Bermain di sirkuit batu loncatan menuju Tour utama membuat Lau tidak sering menikmati kerumunan penonton yang begitu besar. Namun, di Perancis kali ini ia akan segera menikmati pengalaman yang serba baru, termasuk para penggemar golf yang meramaikan Le Golf National.

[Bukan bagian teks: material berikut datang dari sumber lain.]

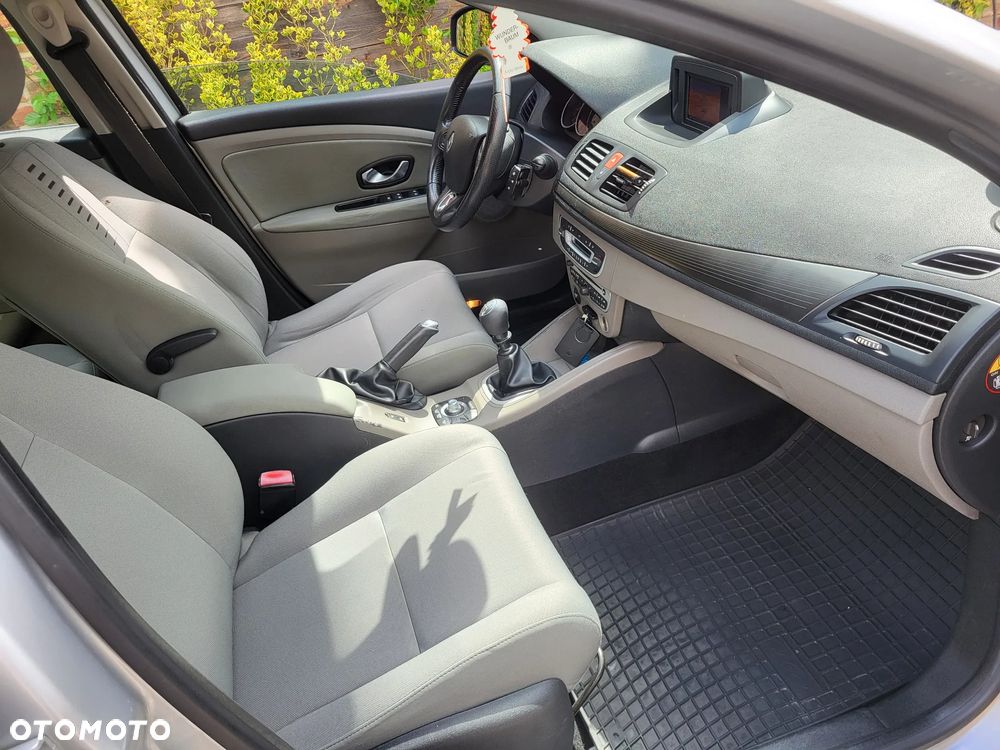 Renault Megane - 10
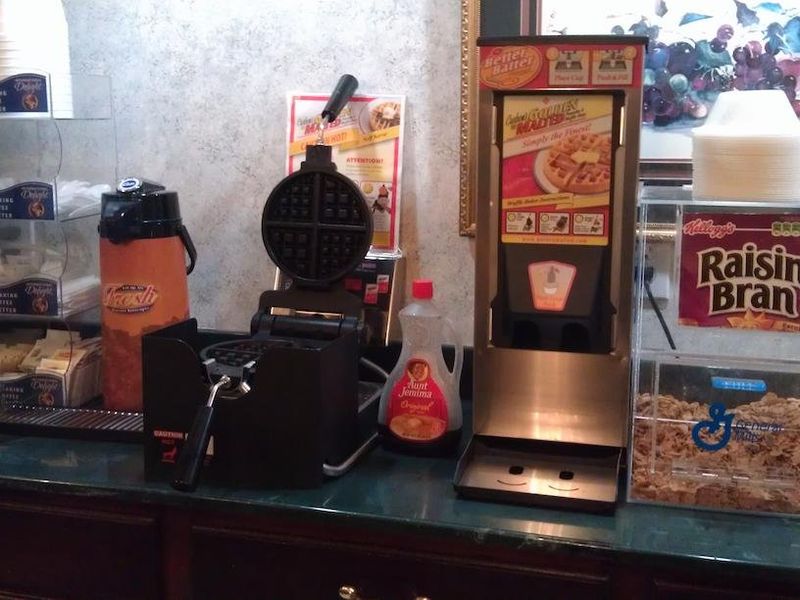 Hotel Photo 20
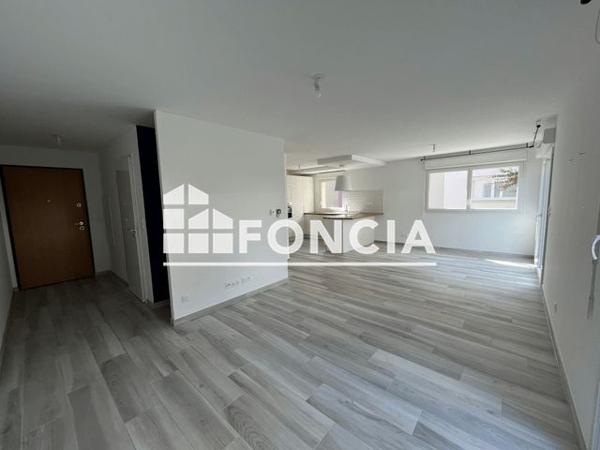 Location Appartement 4 pièces 90 m² - 3 RUE COLETTE Wittenheim 68270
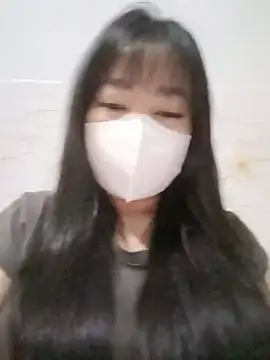 Alice-Xu stripchat live cam model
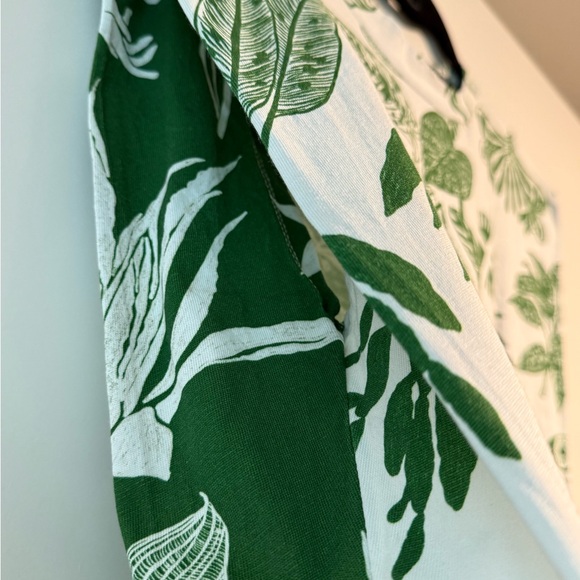 Farm Rio Forrest Soul Mix Tee - Picture 7 of 7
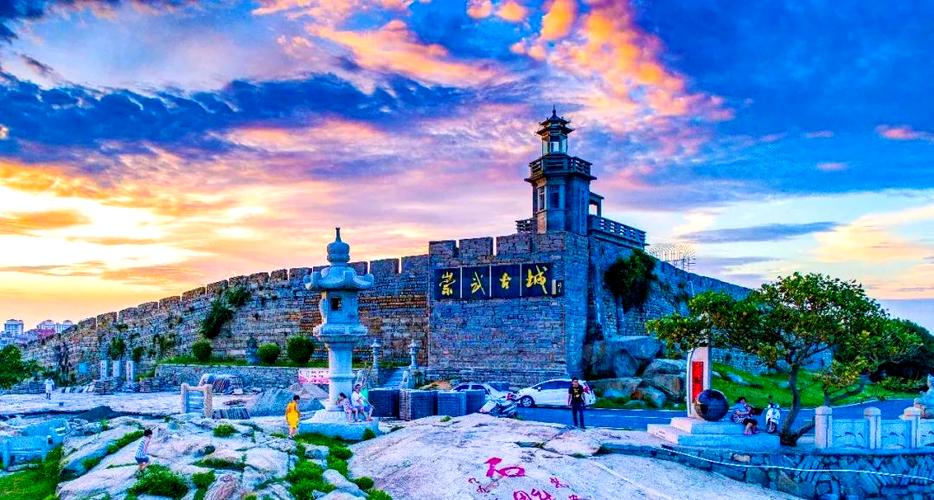 福建惠安有哪些必游旅游景点?-第2张图片-花冠旅游服务 福建惠安有哪些必游旅游景点?-第2张图片-花冠旅游服务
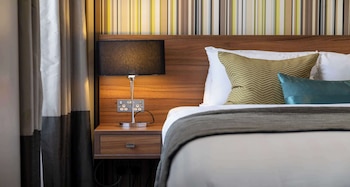 Standard Room, 1 Double Bed, Non Smoking (Small Room)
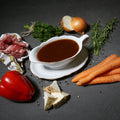 Bratensoße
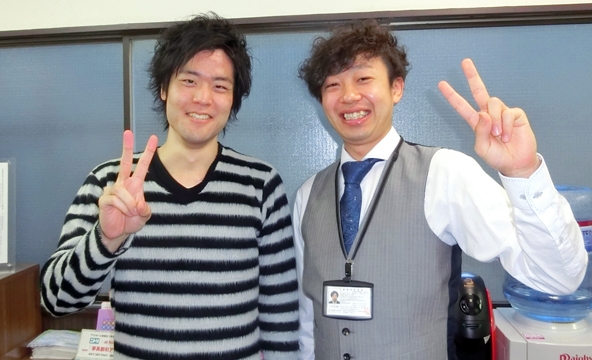 J・K様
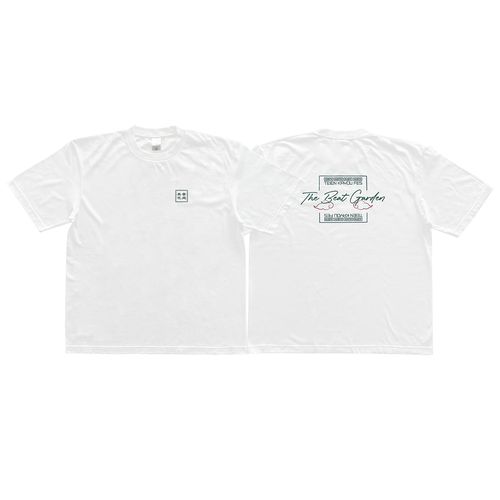 庭宴歌謡祭 Tee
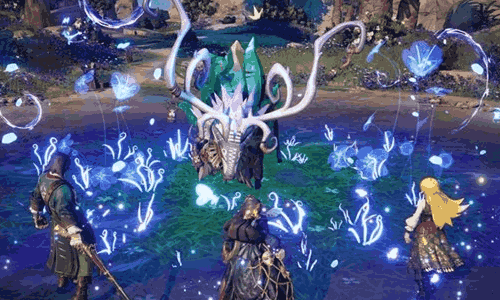 遗忘之海什么时候测试 遗忘之海最新测试时间安排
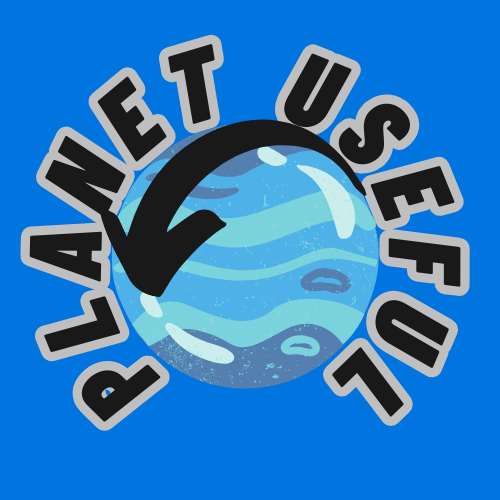 PlanetUseful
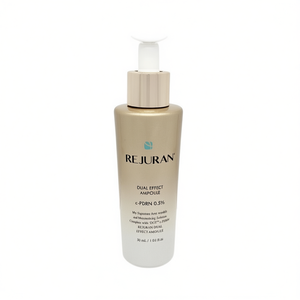 Siero Anti-Età REJURAN 30ml a Doppio Effetto con C-PDRN, Niacinamide e Peptidi per Illuminare e Rassodare la Pelle - Product Image 3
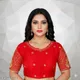 Red__GOPAL COLLECTION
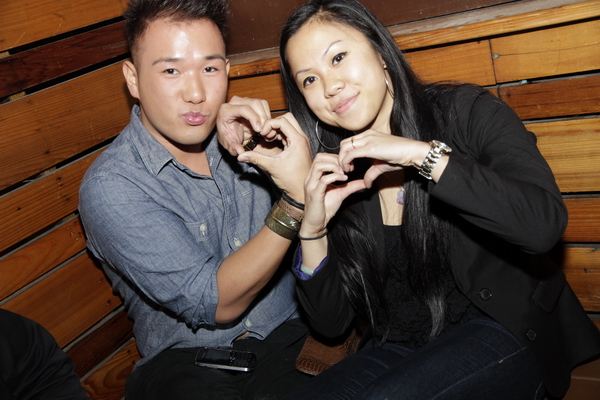 Tryst nightclub photo 176 - November 11th, 2011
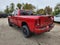 2027 RAM Ram 2500 RAM 2500 BLACK EXPRESS CREW CAB 4X4 6'4' BOX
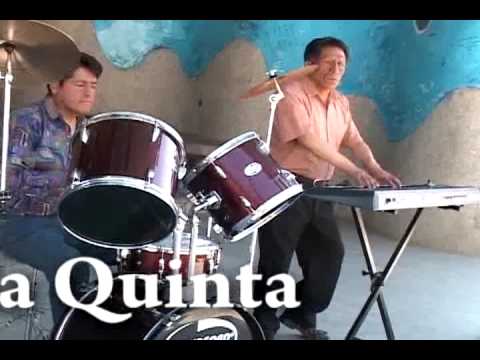 ORIGINALES DE LA QUINTA REVELION- EL AMOR ES SOLO UNA PALABRA - JUAN QUILLATUPA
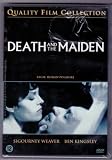 Death And The Maiden (1994) ( Death & The Maiden (1994) )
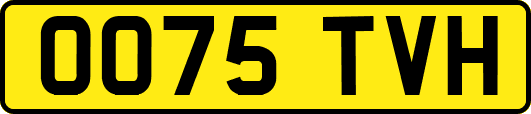 OO75TVH
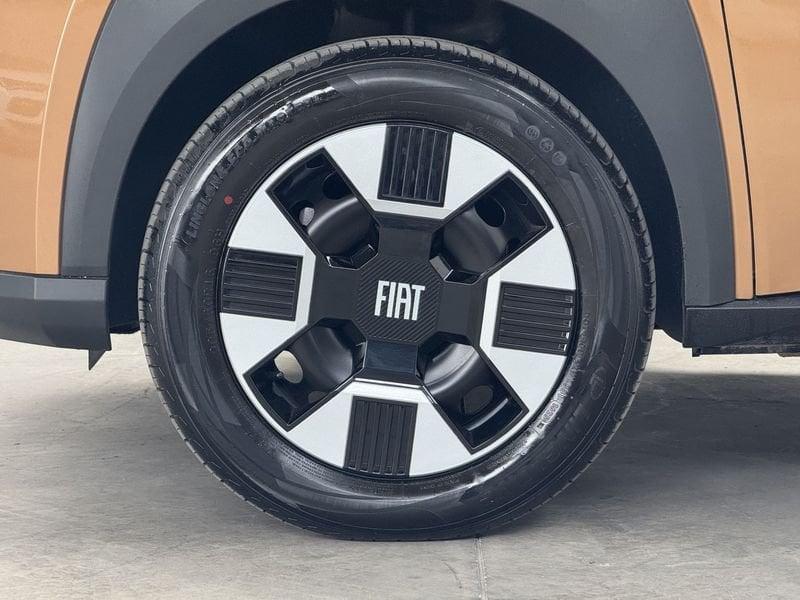 FIAT Grande Panda Grande Panda 1.2 Icon 100cv IVA ESPOSTA SOLO 2.200 KM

”Ini akan menjadi sesuatu yang sangat baru. Bukan berarti saya belum pernah mengalaminya (kerumunan besar penonton), tapi sangat langka, cuma di lapangan di sini penontonnya sangat banyak. Beberapa hari ini saya akan mempersiapkan diri secara mental. Saya akan mempersiapkan diri dalam benak saya untuk melakukan pukulan tee pertama. Sepertinya momen itu akan sangat membuat saya gugup, tapi juga menjadi posisi yang diimpikan semua orang. Jadi, saya tak sabar untuk bisa bermain di hadapan keluarga saya!” sambung Lau.

Dengan abang dan adik perempuannya, serta sepupu-sepupunya, plus orangtua sang kekasih yang menggantikan absennya kedua orangtuanya, Lau akan mendapatkan motivasi ekstra untuk bisa membanggakan negaranya. Dan meskipun takkan mungkin membalas semua pesan pribadi yang ia terima lewat akun Instagramnya, Lau mengaku sangat menghargai semua orang yang mendukungnya.

”Mungkin mereka tidak sadar karena cuma sekadar mengirimkan pesan teks buat saya, tapi bisa menerima semua pesan tersebut rasanya sungguh membesarkan hati. Saya kira, buat kami semua yang bertanding pada Olimpiade ini, kami bertanding untuk sesuatu yang lebih besar dari diri kami. Menurut saya hal ini sungguh keren,” tandasnya.